━━ Records shown ━━
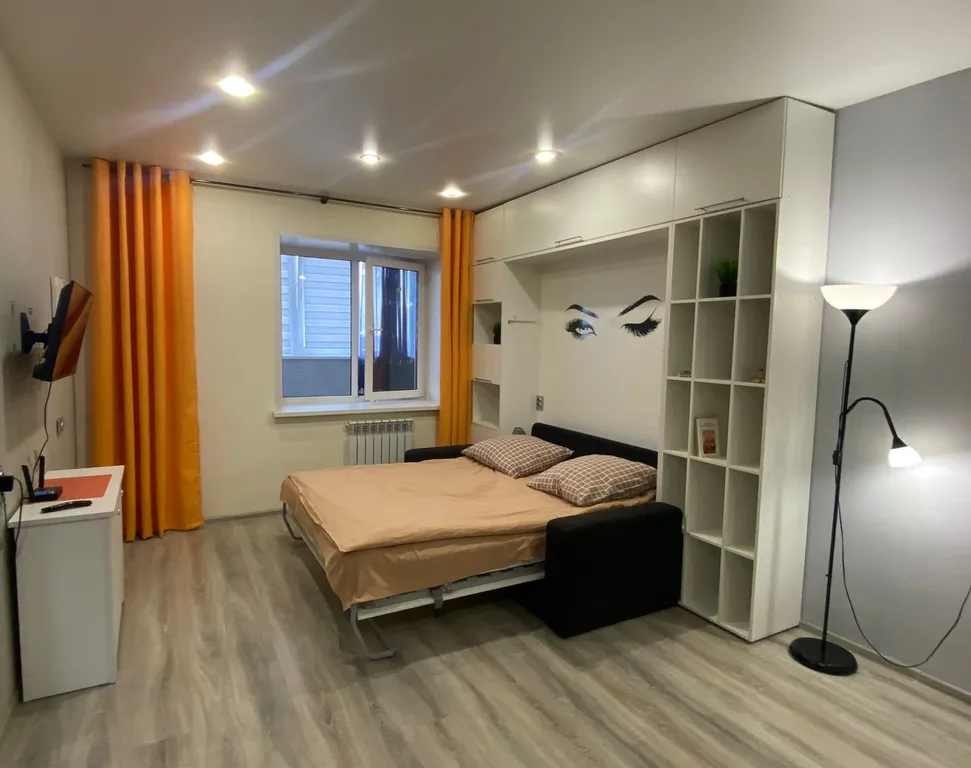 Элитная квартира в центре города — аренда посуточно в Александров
━━━
━━ Records shown ━━
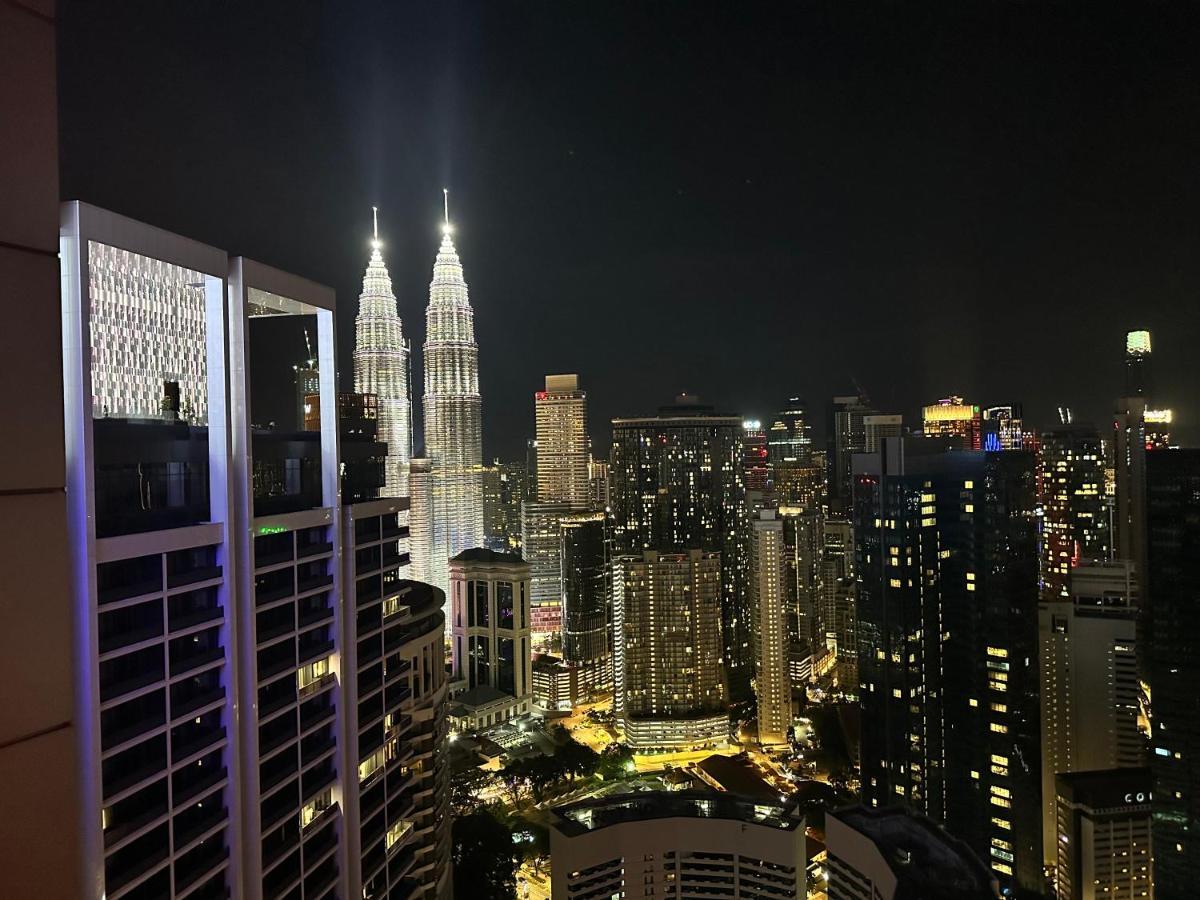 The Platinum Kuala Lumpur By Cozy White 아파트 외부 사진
━━━
━━ Records shown ━━
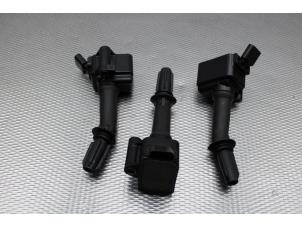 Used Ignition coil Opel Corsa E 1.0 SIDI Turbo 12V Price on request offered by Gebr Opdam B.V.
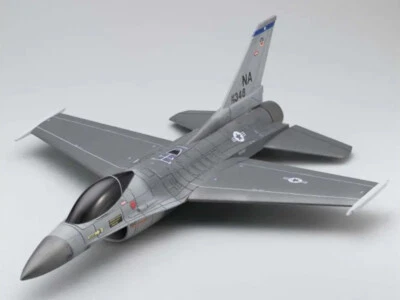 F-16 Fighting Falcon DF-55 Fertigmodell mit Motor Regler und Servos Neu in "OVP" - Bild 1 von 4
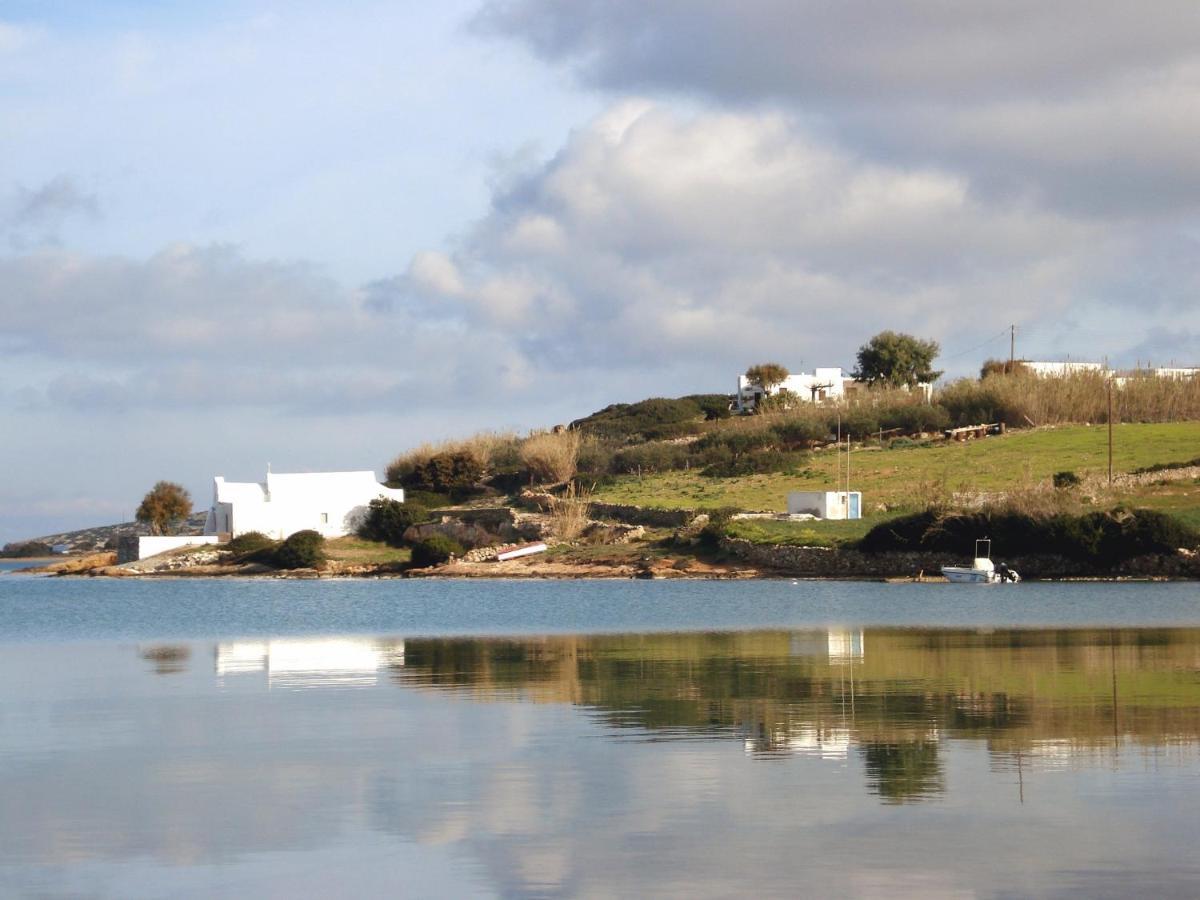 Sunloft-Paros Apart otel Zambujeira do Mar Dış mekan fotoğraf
━━━
#### Task objective
I'd like the lines above repeated exactly, from the one that contains "Used Ignition coil" through the one that contains "F-16 Fighting Falcon", with no pictures.

#### Response
 Used Ignition coil Opel Corsa E 1.0 SIDI Turbo 12V Price on request offered by Gebr Opdam B.V.
 F-16 Fighting Falcon DF-55 Fertigmodell mit Motor Regler und Servos Neu in "OVP" - Bild 1 von 4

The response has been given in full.